Assemblyman Mike Gatto, joined by members of his committee on Consumer Protection and Privacy, authored AB 1116, a bill to protect Californians from television voice-recognition features that could surreptitiously record private conversations in the home. This week, Gov. Jerry Brown signed the measure that also prevents private conversations from being used or sold for advertising purposes.
The bill will require manufacturers to ensure that users of Internet-connected televisions are prominently informed that their voices may be recorded and transmitted back to the manufacturers or third-party providers. AB 1116 also prohibits manufacturers from using or selling for advertising purposes, any voice recordings collected for the purposes of refining the voice recognition feature of a television. As such, it preserves the ability to control a television with voice commands, or to do a Google search using a television, but prohibits manufacturers from using recorded speech to generate targeted advertisements.

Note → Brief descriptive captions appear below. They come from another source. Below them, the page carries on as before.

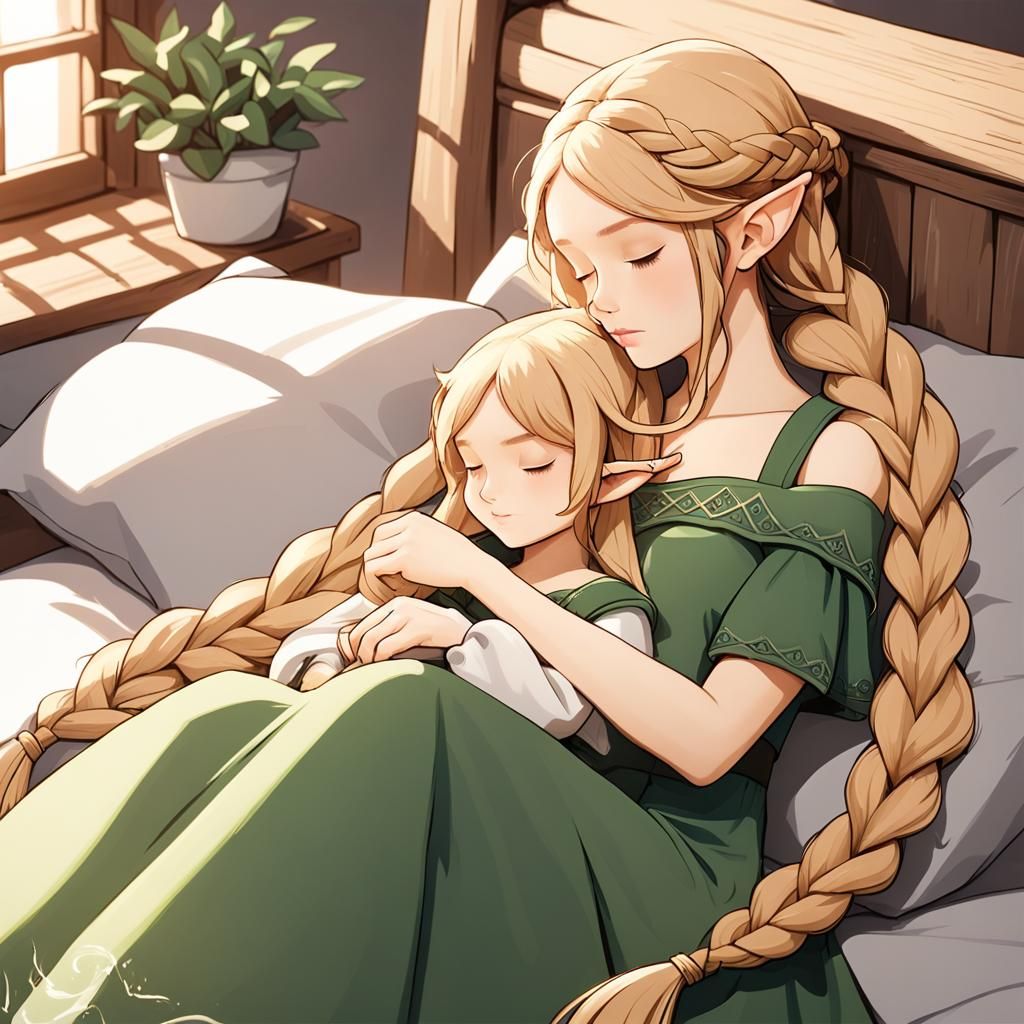 Elf mom is resting with her daughter.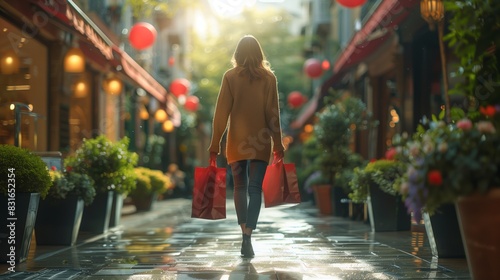 Woman Shopping with Red Bags in Outdoor Market. Woman carrying red shopping bags walking through an outdoor market with greenery and red lanterns, reflecting a serene shopping experience.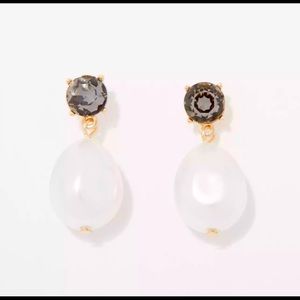 Large pearl and faceted stone drop earrings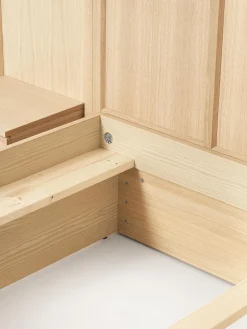 Letto in legno con comodini e testiera Nanto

“Smart TVs and voice-recognition technologies are innovative and convenient tools, but giving up our right to privacy in the home because we want to utilize voice-command features to change the channel is simply unacceptable,” said Gatto.
Much to the dismay of civil libertarians, reports have surfaced that televisions can record and transmit private conversations back to the manufacturer or a third-party without the knowledge of the user. While some manufacturers have inconspicuous warnings tucked away in their user manuals, consumers are largely unaware that what they say can be monitored, recorded, and transmitted to a third party, say, for targeted advertising.
“It might be a little creepy if the family discussing financial issues finds themselves receiving targeted commercials from bankruptcy attorneys as they watch their favorite show,” said Gatto.
“AB 1116 will give the consumer the ability to individually determine the level of privacy protections inside their home,” Gatto said. “We’re not trying to stymie technological advances or fetter profit margins. The television industry has survived for over half a century without knowing what I said to my wife during an episode of The Bachelor.”
The law will take effect Jan. 1, 2016.